I wrote most of this while waiting on Kubuntu to install. It was going to be pretty slow since it’s going from a USB, but I was going to let it run for a while since I had to do something for a college project. This isn’t the first time I’ve installed Linux either thankfully, I tried out Mint a few months ago on a virtual machine which was really interesting. I was definitely excited to try it out on a machine that’s running it natively. And then, of course... it finished installing? So, I tried loading into it and all of the text was scrambled. I told my dad before I left that the install failed and I would try again when I got home, so he ended up taking a look at it. He realized the install went REALLY badly. While I was out, he ended up installing Mint on it for me instead. Kubuntu uses KDE which is such a pretty GUI, but it's a little too intense for this laptop. So, Mint with XFCE it is.

Even then, I was still super excited about this. It was the first time I ever actually got Linux to natively install on a laptop before since I had only messed with it in VMs. The first thing I did was install Discord, which actually didn't go that badly. It ran slowly and I had to install Vencord soon after to turn off a lot of stuff that was giving it trouble, but I managed to join a stream on it. Last year, I made a spreadsheet of all the different stuff I would need to consider if I switched to Linux. I knew what apps ran natively on Linux, which ones would need Wine, and which ones wouldn't work at all. That list came in handy for this project since I wanted to try to install as much stuff I could to not only test how it would work on Linux, but on this old laptop too.

I think though, the most interesting thing about my experiments with it is using Wine, Steam, and customizing the interface.

Wine is a compatability layer on Linux. Basically, it just makes it able to run .exe files so that stuff that never got a Linux port can be run using Windows programs. It took me a few tries to get it installed properly, but it worked SUPER well. I was able to install Battle.net because I wanted to try to play World of Warcraft classic on it, and although I did get it on there, the animation on the login window is too intense for the laptop so it freezes before I can log in. There's a way around it, but I never got to it. I was also able to get Needy Streamer Overload to run as well, which was... interesting. It ran, Wine did amazing, but uh... I haven't mentioned the specs of this laptop yet, have I?

So, pretty obviously, an old laptop from 2006 isn't exactly going to have the best hardware compared to computers of today. However, what I didn't expect was for it to be well... this bad. So, it has 2 GB of ram. Not a big deal, I was able to order new ram and bump it up to 4 GB, which is the first time I ever actually opened a laptop and installed ram. It took some tinkering but I got it to work. It has a NVIDIA GeForce Go 7800, which is The GPU Ever. It has a really hard time running pretty much any video games, and I had to turn off the dot animation on Discord because it made it mad... I don't recall the exact processor type now, but it was only 2 GHZ. So... it can run Terraria and that's kind of it.

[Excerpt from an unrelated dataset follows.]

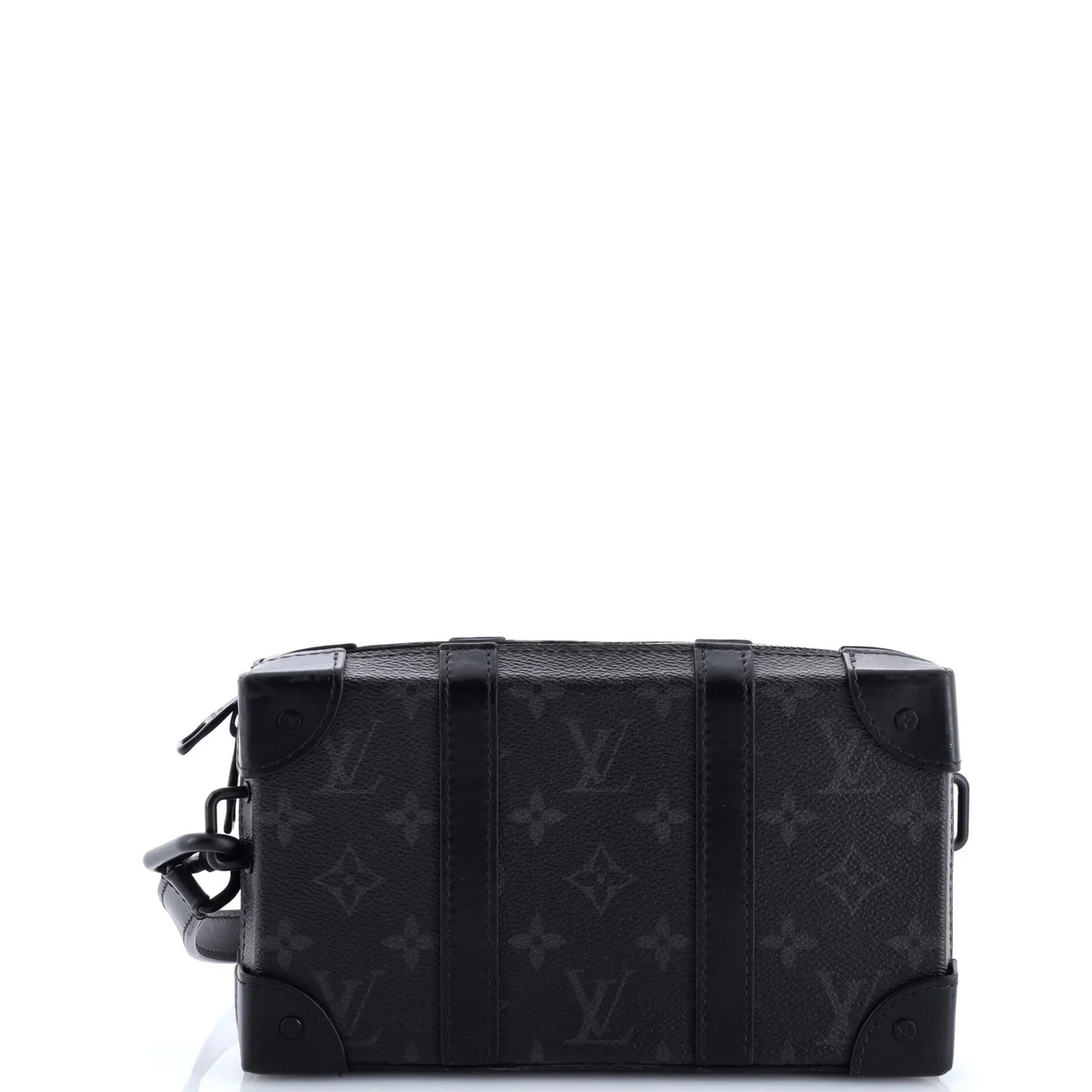 Soft Trunk Wallet Monogram Eclipse Canvas - Deep Luxury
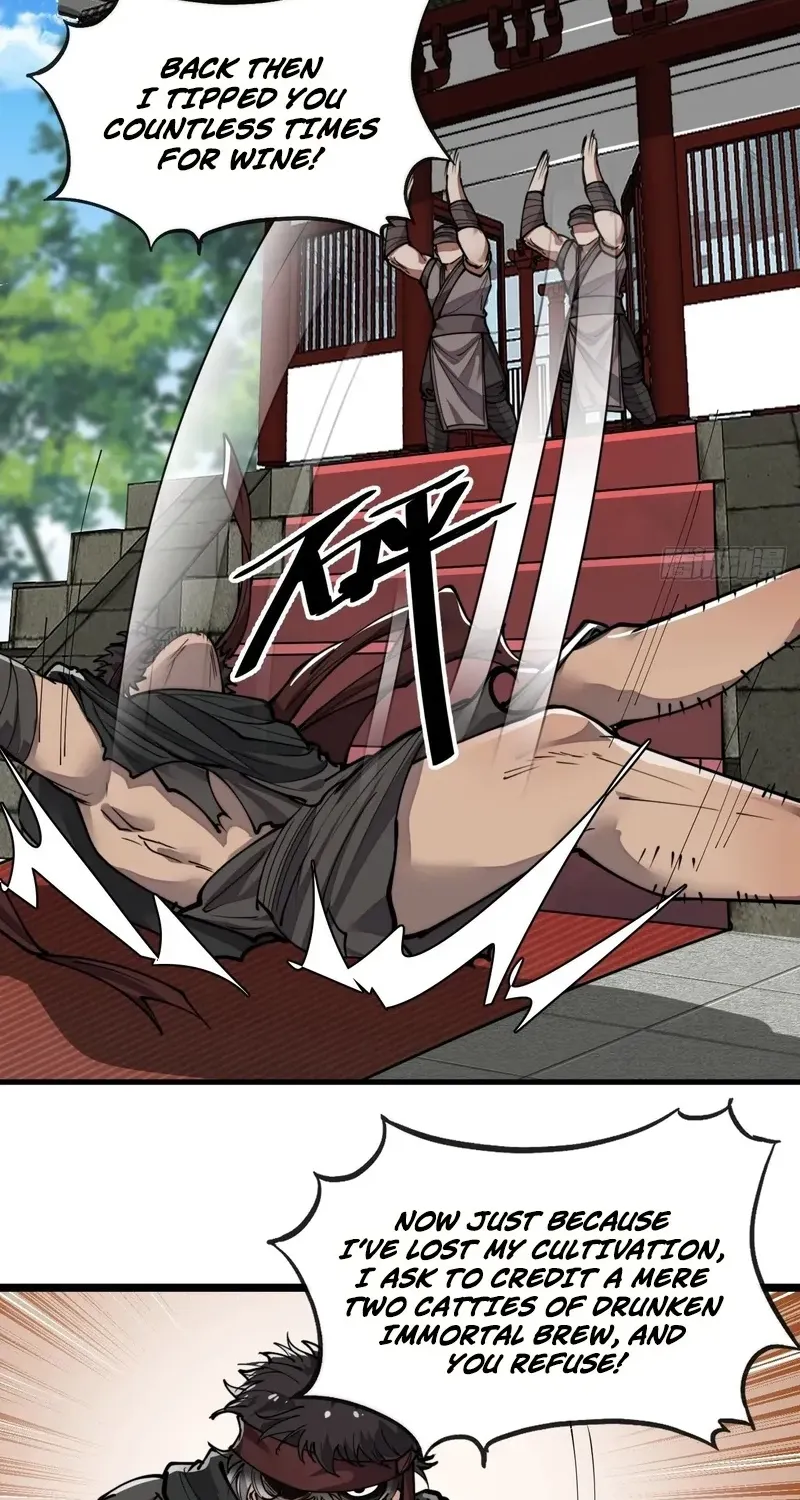 I'm Really Not the Child of Luck Chapter 80 page 7 -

And Terraria didn't even load. It would try to and then close itself. No error message or anything! I actually also got Minecraft to work, but um... I tried doing 1.7.2, which should have worked because when I played Minecraft on it back in 2014, when 1.7.2 was out, it worked fine. It corrupted and crashed. More than anything, I just find it funny. That's the extent of my gaming on it right now, but I really want to try to get WOW classic working on it. Maybe I'll try TurtleWOW.

Last thing of interest is that I completely changed the interface on it. I think my favorite part of Linux is how deeply customizable it is. Like, that's the whole point of Linux. But, I was able to customize the apperance of my laptop completely to make it look like the interface from Needy Streamer Overload, which was SUPER fun to do and it looks really awesome.